My new beau is a big fan of lemons so I threw this together with a free bag from the local grocery. Throw in some sliced strawberries for a pretty in pink version. The juicing takes a lot of time but fresh lemon juice really is best! You won’t regret the extra time. On top of that, no part of the lemon will be wasted. I have included three ways to use up the peels here: lemon extract, lemon pepper and lemon sugar.
For all the other lemon lovers out there here are some Lemon Fun Facts!
1. In February and March, the people of the French Riviera town Menton celebrated the 75th annual Lemon Festival. Events included parades of lemon floats and acrobats, and an Indian-themed lemon carnival.
2. The acidity in lemons can power a standard LCD; to power a standard flashlight bulb, you would need about 500 lemons wired in parallel.
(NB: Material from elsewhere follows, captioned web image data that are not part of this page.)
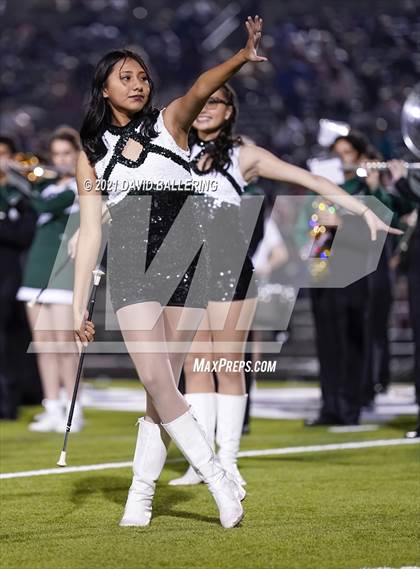 Thumbnail 3 in Waskom @ Franklin (UIL 3A D2 Semifinal Playoff) photogallery.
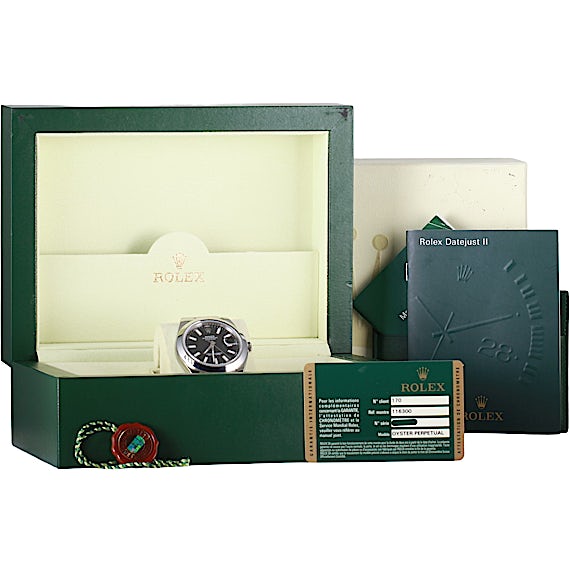 Rolex Date Just 116300 Rolex Date Just 116300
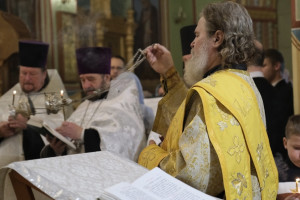 Во Владимире похоронили почетного иподиакона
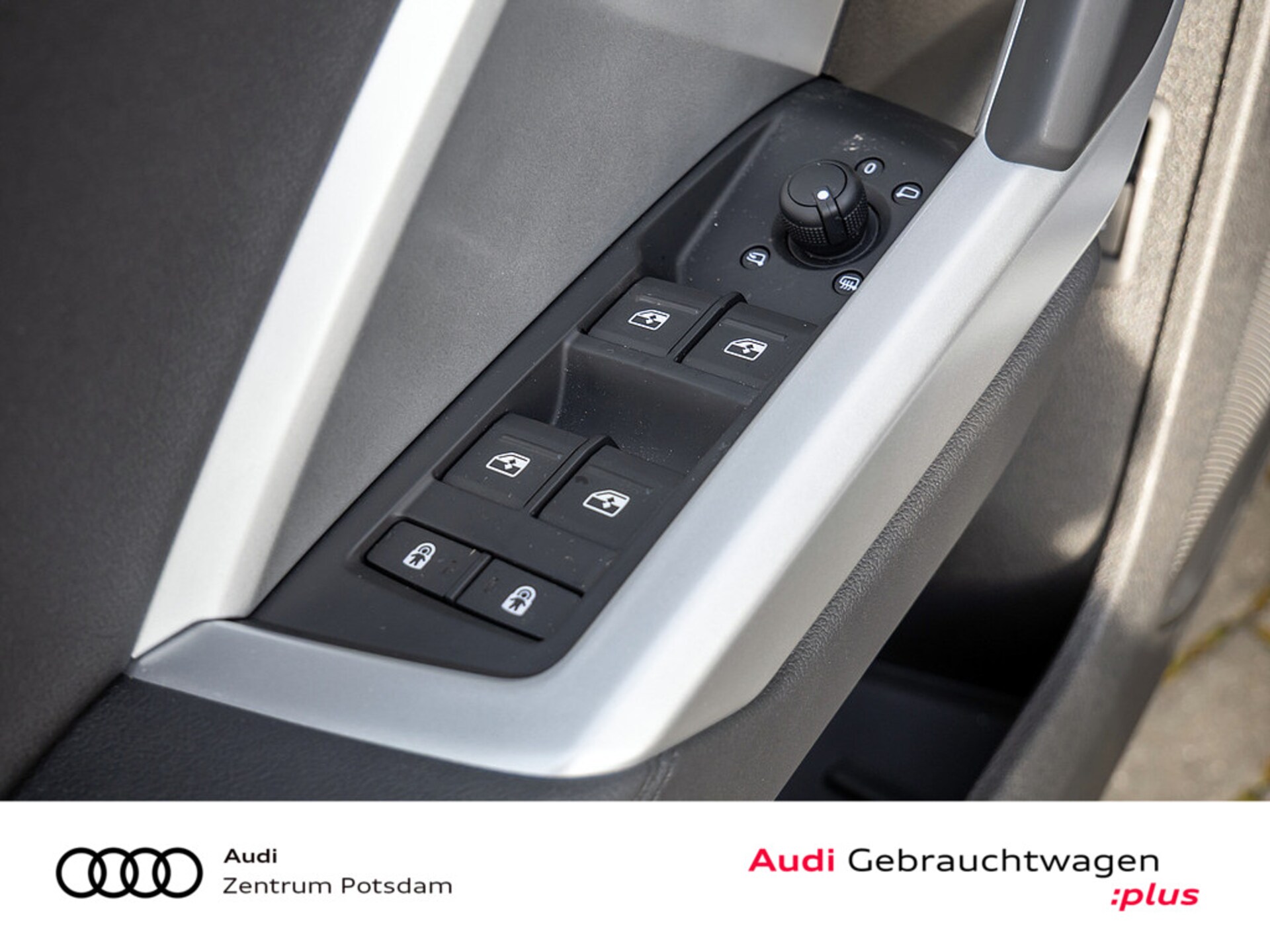 Audi Q3 Sportback S line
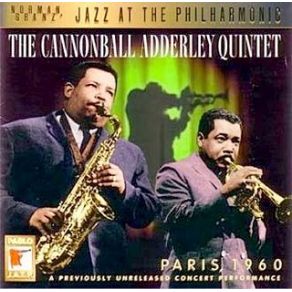 Download track Blue Daniel Julian Cannonball Adderley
3. According to the Guinness Book of World Records, the world’s heaviest lemon weighed 11 pounds, 9.7 ounces, and was harvested on January 8, 2003 by Israeli farmer Aharon Shemoel.
4. It is said that the citric acid in lemon juice will dissolve a pearl.
5. Lemons are technically berries.
6. The word lemon is believed to have been derived from Asian language words for “sour” or “sour fruit.”
7. California produces more lemons than all of Europe, about 754,000 tons annually.
8. In 2006, the average American consumed 3.96 pounds of lemons.
9. There are about 50 varieties of lemons including fun name like Eureka, Baboon and Lapithikiotiki.
More Lemonade Recipes:
Homemade Pink (Strawberry) Lemonade
½ cup granulated sugar
½ cup water
1 cup strained fresh lemon juice (6-8 lemons)
2-3 cups cold water, to taste
1 quart strawberries, sliced
In small saucepan, combine sugar and ½ cup water.
Simmer until sugar is fully dissolved.
Combine this simple syrup in large pitcher with lemon juice, cold water and strawberries.
Pour over ice and serve.
Lemon Sugar: Combine 3-4 tablespoons lemon zest and 1 cup granulated sugar in airtight container. Store in dark cabinet for 1-2 weeks prior to use. Use as replacement for granulated sugar in cookie or quick bread recipes.
Lemon Pepper: Combine 3-4 tablespoons lemon zest and 2 tablespoons ground black pepper in airtight container. Store in fridge for 1-2 weeks prior to use. Use to in dry rub, marinade or seasoning mix.
Lemon Extract: Place zested lemon rinds in a clean jar with 1 cup unflavored vodka. Store in dark cabinet for 4-6 weeks, shaking occasionally. Strain and store in clean jar in dark cabinet or fridge.